▶ _Exercise details_
Starting at the line with "Madagascan coconut kosteuttava" and going on through the line with "Medic foto Freepik com jpg", reproduce each line in the records below exactly and nothing more.

Raw data section start

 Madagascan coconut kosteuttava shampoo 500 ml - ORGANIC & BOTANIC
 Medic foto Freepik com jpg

Raw data section end
Raw data section start

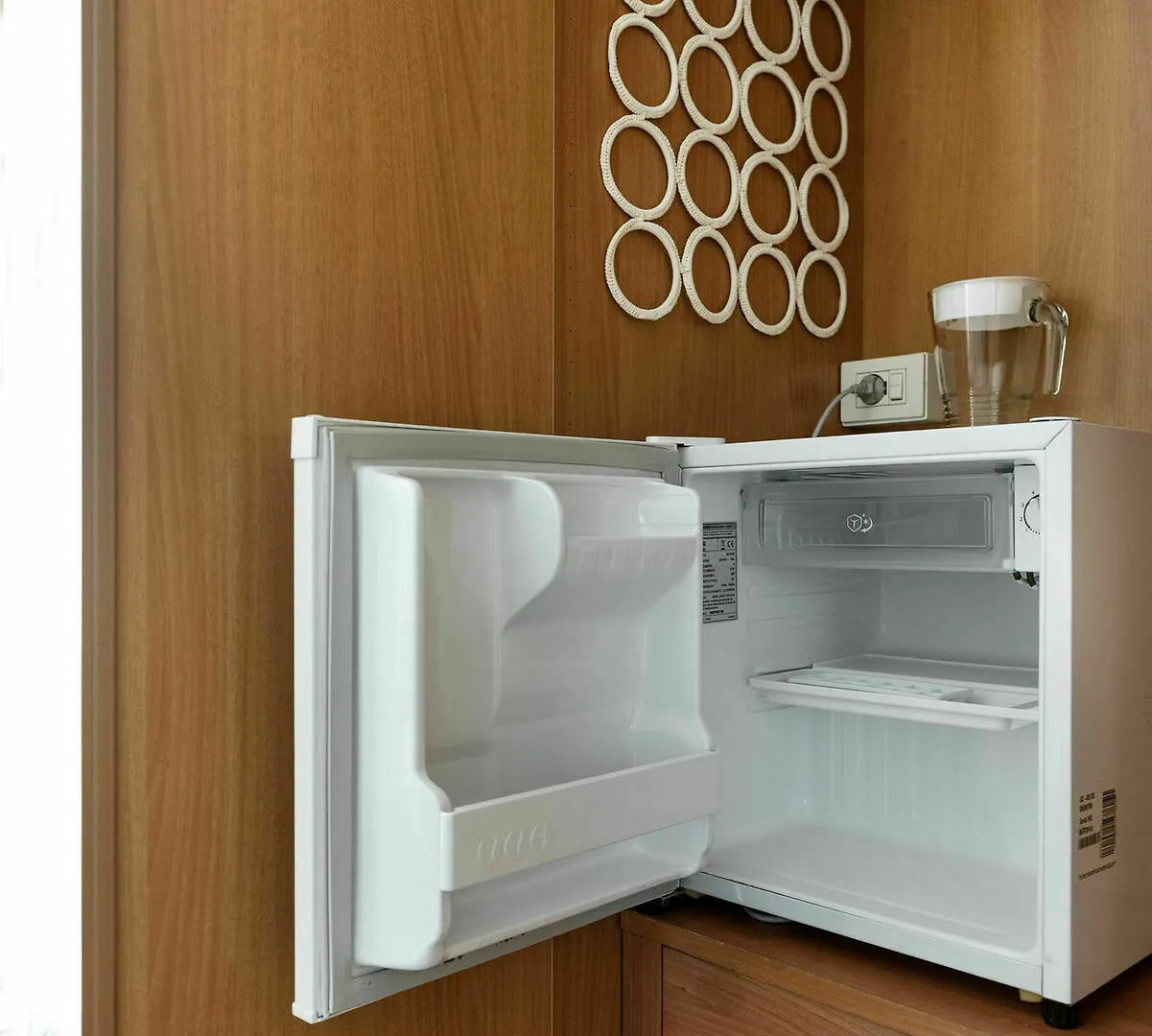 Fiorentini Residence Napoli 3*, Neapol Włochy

Raw data section end

▶ _Task result_
 Madagascan coconut kosteuttava shampoo 500 ml - ORGANIC & BOTANIC
 Medic foto Freepik com jpg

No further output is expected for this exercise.